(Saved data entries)
+-------+

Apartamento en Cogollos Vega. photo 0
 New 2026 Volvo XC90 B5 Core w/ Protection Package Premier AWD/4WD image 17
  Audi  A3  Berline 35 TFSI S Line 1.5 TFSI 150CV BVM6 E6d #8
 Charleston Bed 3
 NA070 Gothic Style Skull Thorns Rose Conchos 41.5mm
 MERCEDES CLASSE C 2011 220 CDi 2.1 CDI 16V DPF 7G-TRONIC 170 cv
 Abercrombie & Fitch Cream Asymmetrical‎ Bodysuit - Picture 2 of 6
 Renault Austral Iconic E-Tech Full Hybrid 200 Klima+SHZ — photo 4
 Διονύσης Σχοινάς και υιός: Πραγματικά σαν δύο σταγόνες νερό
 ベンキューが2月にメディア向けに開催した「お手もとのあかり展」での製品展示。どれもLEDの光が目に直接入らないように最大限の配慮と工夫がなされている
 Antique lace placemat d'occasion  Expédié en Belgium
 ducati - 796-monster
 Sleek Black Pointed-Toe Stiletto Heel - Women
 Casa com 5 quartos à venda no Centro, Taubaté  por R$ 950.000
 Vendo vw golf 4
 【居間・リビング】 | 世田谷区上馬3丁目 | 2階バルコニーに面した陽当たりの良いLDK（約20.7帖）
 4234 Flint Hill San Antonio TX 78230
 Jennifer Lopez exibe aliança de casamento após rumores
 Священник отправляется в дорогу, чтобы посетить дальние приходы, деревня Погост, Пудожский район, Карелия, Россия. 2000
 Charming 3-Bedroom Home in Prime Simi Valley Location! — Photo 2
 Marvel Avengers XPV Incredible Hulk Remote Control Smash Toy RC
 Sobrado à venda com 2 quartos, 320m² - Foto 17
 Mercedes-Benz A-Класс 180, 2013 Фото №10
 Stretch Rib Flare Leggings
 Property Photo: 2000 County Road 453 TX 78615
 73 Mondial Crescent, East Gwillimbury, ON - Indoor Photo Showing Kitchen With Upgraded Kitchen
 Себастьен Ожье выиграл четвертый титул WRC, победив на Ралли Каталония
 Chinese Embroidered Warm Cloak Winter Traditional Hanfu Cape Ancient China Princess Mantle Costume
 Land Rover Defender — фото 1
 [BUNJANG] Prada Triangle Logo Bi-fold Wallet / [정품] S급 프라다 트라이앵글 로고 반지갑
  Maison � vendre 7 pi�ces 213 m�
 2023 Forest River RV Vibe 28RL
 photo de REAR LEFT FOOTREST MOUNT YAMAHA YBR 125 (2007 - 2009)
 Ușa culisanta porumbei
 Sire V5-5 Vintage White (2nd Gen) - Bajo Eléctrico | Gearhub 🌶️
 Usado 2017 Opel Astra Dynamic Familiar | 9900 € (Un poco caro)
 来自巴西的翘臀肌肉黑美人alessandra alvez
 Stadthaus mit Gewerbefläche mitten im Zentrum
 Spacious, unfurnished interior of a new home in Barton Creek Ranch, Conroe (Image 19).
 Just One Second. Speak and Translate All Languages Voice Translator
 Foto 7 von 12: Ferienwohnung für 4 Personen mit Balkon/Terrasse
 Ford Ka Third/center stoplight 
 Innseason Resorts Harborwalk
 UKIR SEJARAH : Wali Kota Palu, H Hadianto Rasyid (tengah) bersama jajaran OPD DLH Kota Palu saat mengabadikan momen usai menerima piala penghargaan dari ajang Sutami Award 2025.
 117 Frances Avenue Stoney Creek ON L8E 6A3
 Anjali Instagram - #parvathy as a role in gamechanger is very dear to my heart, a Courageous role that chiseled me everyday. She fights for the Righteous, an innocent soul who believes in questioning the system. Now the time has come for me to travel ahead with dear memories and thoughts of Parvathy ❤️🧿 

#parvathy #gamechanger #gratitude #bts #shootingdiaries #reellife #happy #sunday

+-------+

**Activity:** Which of the lines above contain "parvathy"? Return them all.

**Your response:**
 Anjali Instagram - #parvathy as a role in gamechanger is very dear to my heart, a Courageous role that chiseled me everyday. She fights for the Righteous, an innocent soul who believes in questioning the system. Now the time has come for me to travel ahead with dear memories and thoughts of Parvathy ❤️🧿 
#parvathy #gamechanger #gratitude #bts #shootingdiaries #reellife #happy #sunday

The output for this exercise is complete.